History of the family

The diverse data coming from ethnography, history, law and social statistics, establish that the human family is an institution and not a biological fact founded on the natural relationship of consanguinity.

Early scholars of family history applied Darwin's biological theory of evolution in their theory of evolution of family systems. American anthropologist Lewis H. Morgan published Ancient Society in 1877 based on his theory of the three stages of human progress from Savagery through Barbarism to Civilization. Morgan's book was the "inspiration for Friedrich Engels' book" The Origin of the Family, Private Property and the State published in 1884.

Engels expanded Morgan's hypothesis that economical factors caused the transformation of primitive community into a class-divided society. Engels' theory of resource control, and later that of Karl Marx, was used to explain the cause and effect of change in family structure and function. The popularity of this theory was largely unmatched until the 1980s, when other sociological theories, most notably structural functionalism, gained acceptance.

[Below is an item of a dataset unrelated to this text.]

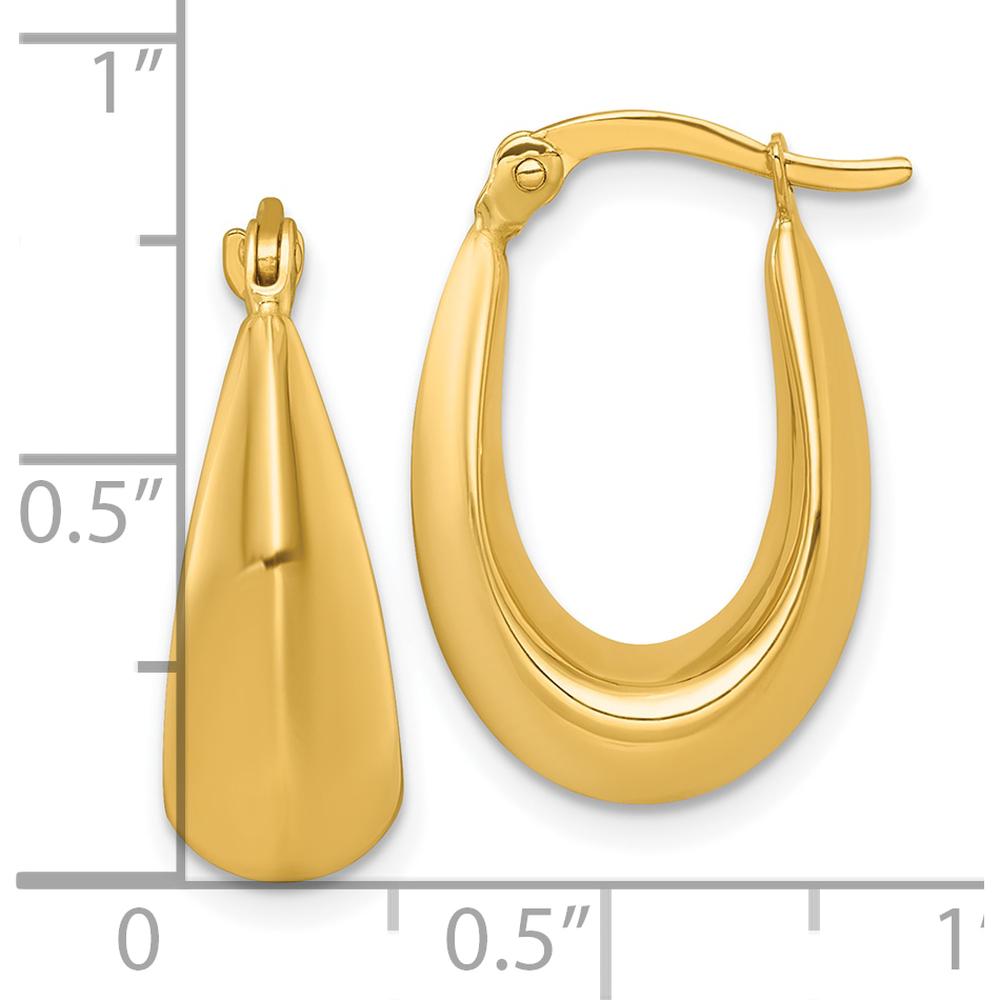 14K Yellow Gold Polished Tapered Hollow Hoop Earrings - 14mm Length, 7.5mm Thickness by 0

In human context, a family (from Latin: familiare) is a group of people affiliated by consanguinity, affinity, or co-residence. In most societies it is the principal institution for the socialization of children. Extended from the human "family unit" by biological-cultural affinity, marriage, economy, culture, tradition, honor, and friendship are concepts of family that are physical and metaphorical, or that grow increasingly inclusive extending to community, village, city, region, nationhood, global village and humanism. A family group consisting of a father, mother and their children is called a nuclear family. This term can be contrasted with an extended family.

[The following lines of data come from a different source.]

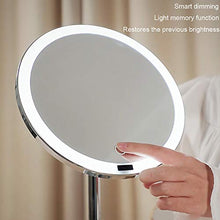 Specchio per Trucco a LED con Lampada, Specchio per Trucco con Luce, dimmer Continuo, Ricarica USB, sensore Viso Intelligente, Rotazione di 360 °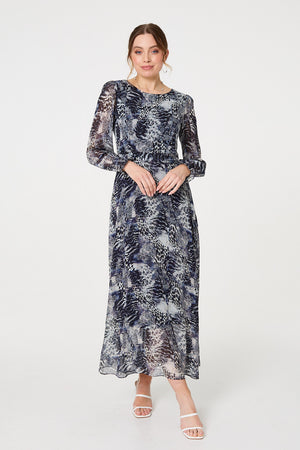 Navy | Animal Print Semi Sheer Maxi Dress : Model is 5'9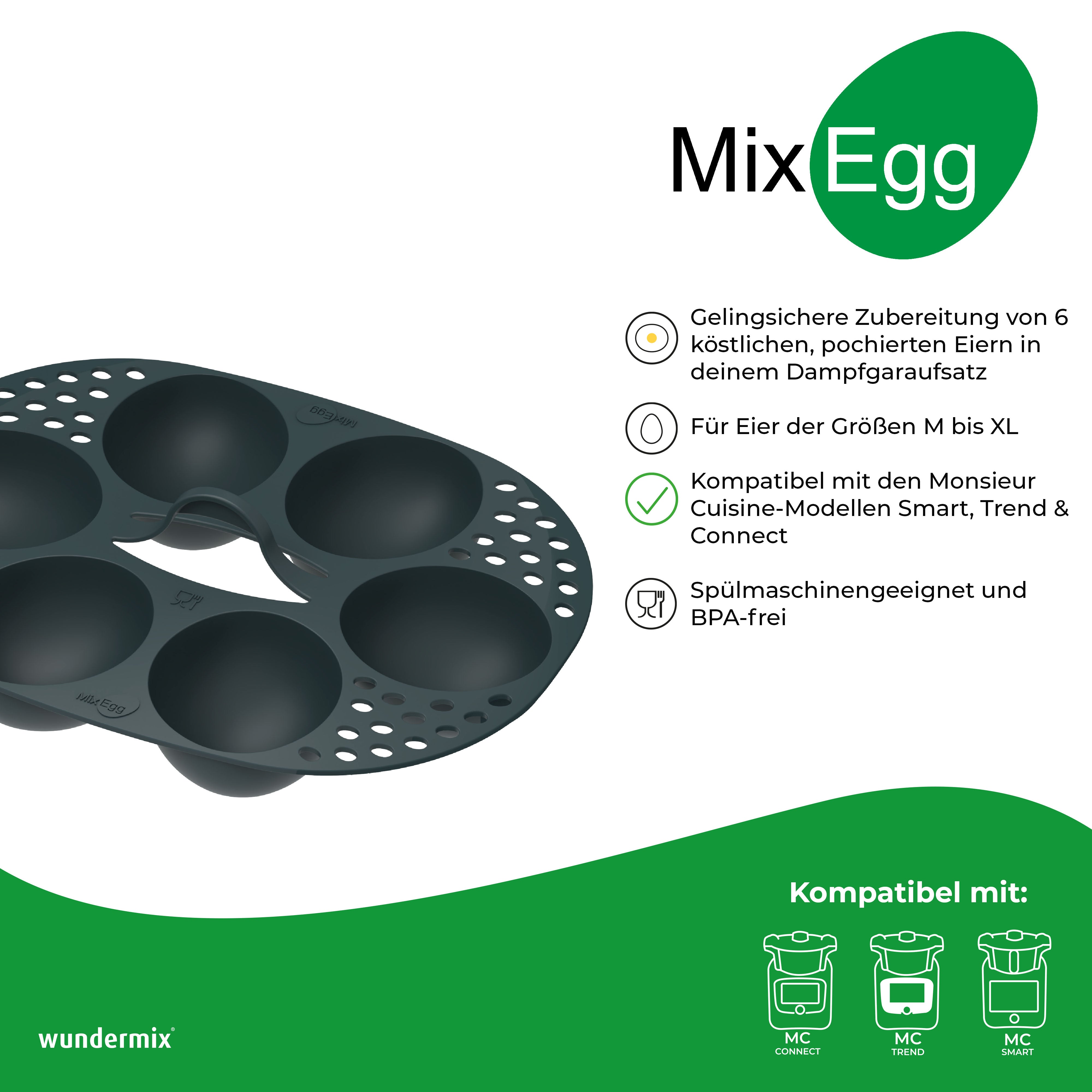 MixEgg® | Eierpochiereinsatz für Monsieur Cuisine Smart, Trend, Connect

There are also concepts of family that break with tradition within particular societies, or those that are transplanted via migration to flourish or else cease within their new societies. As a unit of socialization and a basic institution key to the structure of society, the family is the object of analysis for sociologists of the family. Genealogy is a field which aims to trace family lineages through history. In science, the term "family" has come to be used as a means to classify groups of objects as being closely and exclusively related. In the study of animals it has been found that many species form groups that have similarities to human "family"—often called "packs."